Arcimboldo’s Summer

Arcimboldo’s Summer
Giuseppe Arcimboldo (1527-1593) was the master of these pre-surrealist paintings of figures formed of grouped objects (not always food).

Tuesday, 20 October 2009

Alert — Delcious Potatoes Found at Waitrose!

I invariably eat organically grown potatoes, partly because I'm paranoid about what's sprayed on my food, partly because I'm concerned about conventional farming techniques ravaging the landscape, and also partly because they often (not always) taste a damned sight nicer. The most consistently pleasant tasting organic spuds available at a supermarket in recent years have proved to be Sainsbury's Lady Balfours (available in 2.5 kg bags for about £2.70). When they are good, they are very good; sometimes they are no better than average. But any of the supermarkets will occasionally turn up trumps and today, because Sainsbury's was a long hike away, I dropped into my local Waitrose to buy ingredients for my Ligurian pasta and pesto specialty, in which both green beans and potatoes also feature prominently. I chose a bag with blue livery, containing 1.5 kg of Waitrose organic new potatoes (£1.99). I put them in the steamer and, when they were cooked, took one out, sliced it, let it cool and treated myself by dipping it into the Tesco's pesto which I'd also bought. It was a revelation. A lovely sweet, rich, buttery potato. With a nice yellow colour, too (my Dad always revered yellow spuds as more tasty than their white brethren). Now, as a natural product, potatoes can and will vary from batch to batch (hence the inevitable inconsistency with the otherwise admirable Lady Balfours) so if you are going to get the same wonderful potatoes on your plate you need to get the same batch and type. The ones I bought are marked "Nicola" for the variety, "Cambs UK" for their origin. They are dated "Display Until 22 October" and "Best Before 25 October". They also feature these cryptic markings: PP1 11:00 236/M. Now you know! Happy hunting. Or digging.

Monday, 21 September 2009

Jim Harrison’s Pizza Sauce

I first came across Jim Harrison through the writings of Tom McGuane, my favourite novelist. Like McGuane, his old friend Harrison is a novelist and screenwriter. He is also a well respected poet. But what we're interested in here is his food writing, which is very entertainingly on display in his volume The Raw and the Cooked. This recipe is adapted from one in that book and it is the most delicious simple sauce I've ever cooked.

Pizza Sauce of the Gods

Originally intended to go with meatballs, and adapted by me for pasta, this makes a world class pizza topping. Cook for about 30 to 35 minutes and finish on top of a blind baked pizza base for 10 minutes. Use 500g tomatoes and there will be enough sauce to completely cover one pizza base generously and two frugally. You don't necessarily have to add cheese or anything else (eg chorizo) to the pizza topped with this sauce (although they will go wonderfully), because it's delicious and classy as is.
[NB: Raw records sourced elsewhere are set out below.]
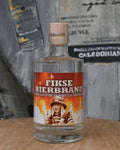 Fikse Bierbrand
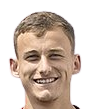 https://img.czsmgd.com/img/football/player/0840e312411f3d20c9e625c87d24d553.png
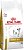 Ração Royal Canin Veterinary Diet Urinary Small Dog para Cães de Raças Pequenas - Imagem 1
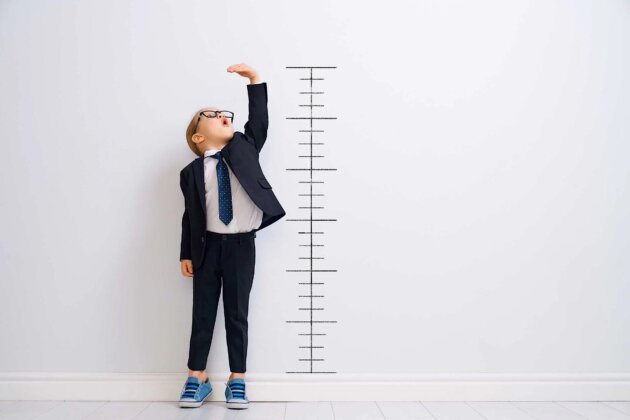 Stockfoto_Wachsstum_AdobeStock_26733471_2400x1600px7_W2400xH0 Stockfoto_Wachsstum_AdobeStock_26733471_2400x1600px7_W2400xH0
Pour a liberal amount of good olive oil into a baking pan.

Slice tomatoes of any size in half and place them in the pan. (Don't bother removing seeds or any of that nonsense.)

(Use, for example, 250g of plum or cherry tomatoes per person.)

Sprinkle them liberally with chopped garlic and fresh basil and thyme. (Lots of all of these. I've used about 10 cloves of garlic to good effect.)

Cook for about 40 minutes in a hot oven.

If you want a smoother sauce, chop the cooked tomatoes, garlic and herbs roughly with scissors so you end with the desired consistency. If you're using smaller tomatoes this isn't necessary. Pour over cooked pizza base or pasta and serve.

Goes very nicely with a simple salad of romaine lettuce with a garlicky vinaigrette.